» TASK DIRECTIONS: The output should be limited to the line holding "#BackingTheBrakes | #BrakesTogether" and the lines after it through the end of the entries, each restated exactly.

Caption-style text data
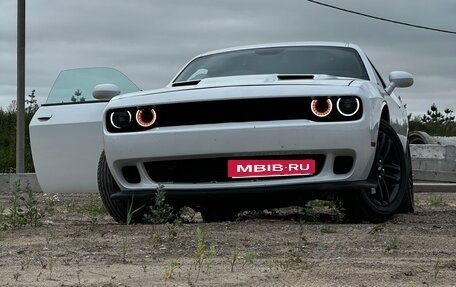 Dodge Challenger III рестайлинг 2, 2018 год, 3 900 000 рублей, 16 фотография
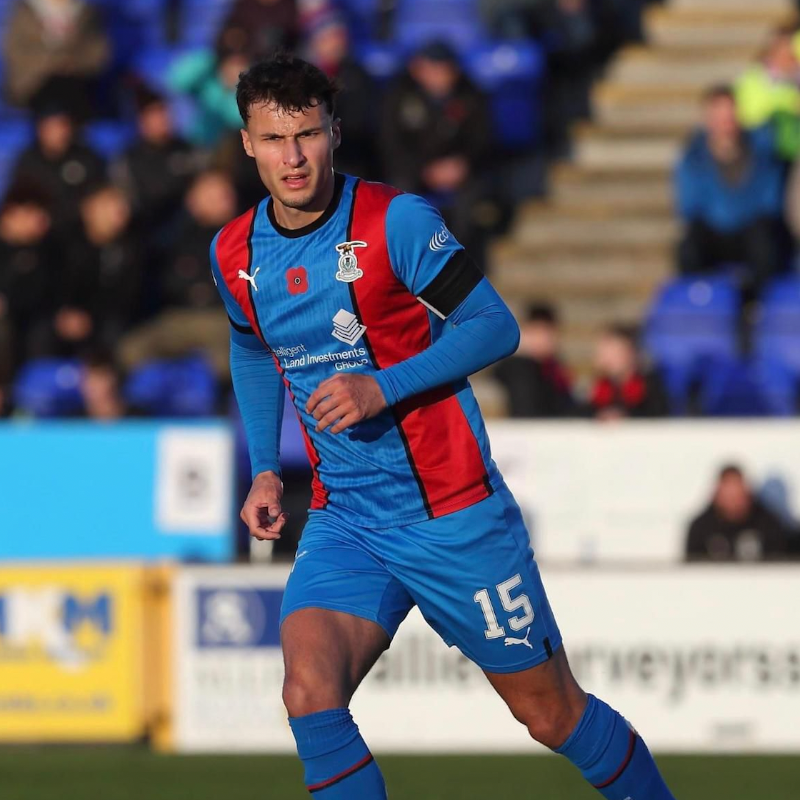 LeamingtonFC's tweet photo. ✍🏼 We're thrilled to reveal the signing of central defender Max Ram!

Welcome to the Brakes, Max! 💛

#BackingTheBrakes | #BrakesTogether

📸 Inverness Caledonian Thistle FC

» ANSWER BELOW:
#BackingTheBrakes | #BrakesTogether

📸 Inverness Caledonian Thistle FC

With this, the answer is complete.